Much has been made of the Conservatives’ new voting coalition. The election results confirmed how the party has pivoted away from the prosperous southeast and toward parts of England that struggle, as London and its environs prosper. Today’s Conservatives answer to a more economically left-wing set of voters than at any point in living memory.
This blue-collar conservatism could take different forms. The worry is that an admirable desire to rebalance the British economy will deteriorate into big-government, market-stifling policies. More concerning still is that some on the right even appear to relish this possibility. Will Tanner, director of Onward—a think tank closely aligned with Theresa May—wants Johnson to consolidate his support in parts of the country by “break[ing] free of the traditional conservative playbook of trickle-down growth.” He believes that “more people should be encouraged to live and work near to where they grow up, rather than moving away to the city to make their way.”

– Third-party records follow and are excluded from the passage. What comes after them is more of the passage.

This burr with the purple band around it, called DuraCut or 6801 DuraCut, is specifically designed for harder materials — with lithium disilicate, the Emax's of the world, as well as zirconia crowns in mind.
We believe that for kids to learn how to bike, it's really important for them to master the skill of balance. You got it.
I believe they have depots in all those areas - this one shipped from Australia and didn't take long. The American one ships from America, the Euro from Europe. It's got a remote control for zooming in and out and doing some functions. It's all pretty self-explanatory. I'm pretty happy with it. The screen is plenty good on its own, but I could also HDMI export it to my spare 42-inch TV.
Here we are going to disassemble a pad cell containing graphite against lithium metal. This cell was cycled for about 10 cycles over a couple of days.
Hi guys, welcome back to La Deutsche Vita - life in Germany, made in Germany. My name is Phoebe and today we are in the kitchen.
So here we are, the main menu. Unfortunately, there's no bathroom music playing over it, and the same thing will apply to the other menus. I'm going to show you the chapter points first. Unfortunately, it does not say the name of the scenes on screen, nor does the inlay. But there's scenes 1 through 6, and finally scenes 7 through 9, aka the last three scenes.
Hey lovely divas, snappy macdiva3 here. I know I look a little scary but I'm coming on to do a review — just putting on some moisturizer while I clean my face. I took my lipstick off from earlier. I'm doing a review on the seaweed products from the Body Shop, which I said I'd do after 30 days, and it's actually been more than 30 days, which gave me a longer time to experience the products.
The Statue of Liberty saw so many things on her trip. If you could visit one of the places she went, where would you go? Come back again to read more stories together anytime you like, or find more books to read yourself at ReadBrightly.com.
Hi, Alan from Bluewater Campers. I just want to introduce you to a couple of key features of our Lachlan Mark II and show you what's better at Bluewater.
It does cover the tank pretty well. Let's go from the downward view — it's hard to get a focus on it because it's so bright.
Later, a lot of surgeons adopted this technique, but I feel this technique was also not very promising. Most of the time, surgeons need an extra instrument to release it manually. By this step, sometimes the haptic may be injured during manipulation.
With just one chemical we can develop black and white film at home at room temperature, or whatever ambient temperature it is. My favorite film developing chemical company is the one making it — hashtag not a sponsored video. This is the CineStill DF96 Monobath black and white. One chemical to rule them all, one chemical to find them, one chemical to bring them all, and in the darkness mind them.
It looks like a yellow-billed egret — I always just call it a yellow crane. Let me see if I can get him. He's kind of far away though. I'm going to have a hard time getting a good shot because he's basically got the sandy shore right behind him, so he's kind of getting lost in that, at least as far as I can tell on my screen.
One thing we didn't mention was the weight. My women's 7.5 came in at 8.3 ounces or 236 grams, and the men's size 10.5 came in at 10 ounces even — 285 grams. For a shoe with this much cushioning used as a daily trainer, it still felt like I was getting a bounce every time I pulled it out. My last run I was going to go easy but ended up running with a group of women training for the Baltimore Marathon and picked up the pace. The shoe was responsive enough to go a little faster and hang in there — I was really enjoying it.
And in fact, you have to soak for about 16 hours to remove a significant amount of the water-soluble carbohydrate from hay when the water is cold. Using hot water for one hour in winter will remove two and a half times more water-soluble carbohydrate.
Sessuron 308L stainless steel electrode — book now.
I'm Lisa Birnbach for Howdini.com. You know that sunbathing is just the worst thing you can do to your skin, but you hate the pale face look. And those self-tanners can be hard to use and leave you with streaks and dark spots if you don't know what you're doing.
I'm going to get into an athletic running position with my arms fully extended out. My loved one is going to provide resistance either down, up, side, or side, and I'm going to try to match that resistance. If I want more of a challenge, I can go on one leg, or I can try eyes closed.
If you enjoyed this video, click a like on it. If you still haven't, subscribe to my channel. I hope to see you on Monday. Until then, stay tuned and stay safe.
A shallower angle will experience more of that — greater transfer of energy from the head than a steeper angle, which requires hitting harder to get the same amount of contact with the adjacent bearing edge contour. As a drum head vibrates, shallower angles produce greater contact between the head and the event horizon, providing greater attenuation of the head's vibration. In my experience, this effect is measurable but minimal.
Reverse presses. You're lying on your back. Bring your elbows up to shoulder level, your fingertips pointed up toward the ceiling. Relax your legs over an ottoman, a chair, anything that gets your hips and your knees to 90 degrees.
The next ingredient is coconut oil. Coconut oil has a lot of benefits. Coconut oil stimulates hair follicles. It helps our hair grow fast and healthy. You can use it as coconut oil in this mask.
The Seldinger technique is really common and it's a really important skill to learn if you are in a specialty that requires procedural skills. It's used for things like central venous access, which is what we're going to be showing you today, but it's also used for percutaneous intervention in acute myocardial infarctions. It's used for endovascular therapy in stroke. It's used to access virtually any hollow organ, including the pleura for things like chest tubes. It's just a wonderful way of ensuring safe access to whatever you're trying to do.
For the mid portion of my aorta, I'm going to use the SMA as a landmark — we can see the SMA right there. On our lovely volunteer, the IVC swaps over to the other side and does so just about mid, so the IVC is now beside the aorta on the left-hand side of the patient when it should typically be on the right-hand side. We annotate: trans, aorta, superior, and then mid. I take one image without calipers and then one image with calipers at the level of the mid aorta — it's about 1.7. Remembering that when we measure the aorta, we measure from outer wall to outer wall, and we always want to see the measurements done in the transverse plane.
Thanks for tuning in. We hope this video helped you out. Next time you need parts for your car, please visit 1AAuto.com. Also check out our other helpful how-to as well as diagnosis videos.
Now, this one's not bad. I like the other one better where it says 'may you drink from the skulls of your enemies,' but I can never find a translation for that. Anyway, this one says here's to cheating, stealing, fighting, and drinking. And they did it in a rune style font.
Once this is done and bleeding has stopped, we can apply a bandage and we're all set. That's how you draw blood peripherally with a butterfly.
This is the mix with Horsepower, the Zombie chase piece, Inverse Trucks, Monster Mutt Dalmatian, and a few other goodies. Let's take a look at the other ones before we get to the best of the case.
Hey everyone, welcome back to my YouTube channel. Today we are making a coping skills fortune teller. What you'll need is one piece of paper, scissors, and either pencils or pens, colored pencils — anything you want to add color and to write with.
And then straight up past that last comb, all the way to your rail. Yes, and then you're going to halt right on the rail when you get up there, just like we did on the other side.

Another version of blue-collar conservatism contains the possibility of radical reform, including in a pro-market direction. Freed from their electoral dependence on the wealthy shires, Conservatives can challenge those who gained the most from the recent housing boom. In recent years, free marketeers on both sides of the Atlantic have compellingly argued that, in housing and across the economy generally, insiders have used government regulation to protect their privileged positions. Tackling this behavior will arguably be easier now than it was before last month’s election. The Tories are less the party of economic winners than they once were; and they will not be as preoccupied by Brexit as they have been over the last three years. Conservatives shouldn’t underestimate the opportunity that the new climate offers for real change.